And finally, an anecdote about Blastoff Comics. I’ve been writing for Blastoff for years now, and I don’t think I’ve ever shared a story about Blastoff. I don’t live near the shop, but the first time I had the pleasure of visiting, I was reminded of something that I knew, just from the way Scott Tipton spoke of the shop. He wanted to make Blastoff more than just a place where you come and get your pulls and debate the latest comic book movie casting news. I say this not because I am writing for Blastoff, and not because Scott is a friend, but because it is true, and is important to me – Blastoff is a haven of discovery.
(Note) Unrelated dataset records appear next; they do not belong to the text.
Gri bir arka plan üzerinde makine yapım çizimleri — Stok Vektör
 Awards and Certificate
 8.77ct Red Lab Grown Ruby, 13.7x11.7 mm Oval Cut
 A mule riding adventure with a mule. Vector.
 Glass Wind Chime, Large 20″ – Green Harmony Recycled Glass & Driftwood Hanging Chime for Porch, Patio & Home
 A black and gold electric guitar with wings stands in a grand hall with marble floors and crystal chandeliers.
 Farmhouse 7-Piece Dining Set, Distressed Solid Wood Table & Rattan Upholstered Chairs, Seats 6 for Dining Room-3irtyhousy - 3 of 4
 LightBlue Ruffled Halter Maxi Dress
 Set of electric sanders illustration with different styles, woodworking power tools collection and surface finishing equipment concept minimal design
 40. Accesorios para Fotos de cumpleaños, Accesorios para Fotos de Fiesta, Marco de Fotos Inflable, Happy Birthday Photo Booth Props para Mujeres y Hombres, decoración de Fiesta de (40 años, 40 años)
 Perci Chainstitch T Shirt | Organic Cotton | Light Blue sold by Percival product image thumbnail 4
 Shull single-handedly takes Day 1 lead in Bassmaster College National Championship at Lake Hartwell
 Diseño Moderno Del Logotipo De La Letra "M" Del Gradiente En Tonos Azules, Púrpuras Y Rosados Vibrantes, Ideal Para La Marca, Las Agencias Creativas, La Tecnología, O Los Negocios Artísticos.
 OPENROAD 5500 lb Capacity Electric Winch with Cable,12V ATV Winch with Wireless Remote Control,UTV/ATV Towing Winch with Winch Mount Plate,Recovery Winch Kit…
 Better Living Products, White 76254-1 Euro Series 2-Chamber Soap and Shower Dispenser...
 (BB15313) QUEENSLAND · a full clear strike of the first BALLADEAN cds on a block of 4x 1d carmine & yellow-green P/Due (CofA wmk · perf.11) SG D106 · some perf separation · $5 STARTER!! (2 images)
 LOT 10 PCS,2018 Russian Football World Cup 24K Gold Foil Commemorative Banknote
After having read Blankets countless times, and seeking out every bit of Craig Thompson’s work I could, I walked into Blastoff Comics and, while chatting with Scott, found a CD on the shelf with Craig and Raina embracing on the cover. I was stunned to learn that it was an album by the band Tracker, recorded as a soundtrack for Blankets. Of course I bought it, took it home, and found myself enjoying Blankets in an entirely new way – something I thought, after all this time, was impossible.

I have changed in the time I’ve read Blankets and, each time, the meaning of the book and the way my life shaped around and adjacent to it has changed as well. When I read Blankets again, with a span of years between now and then, I can only wonder what new stories it will tell.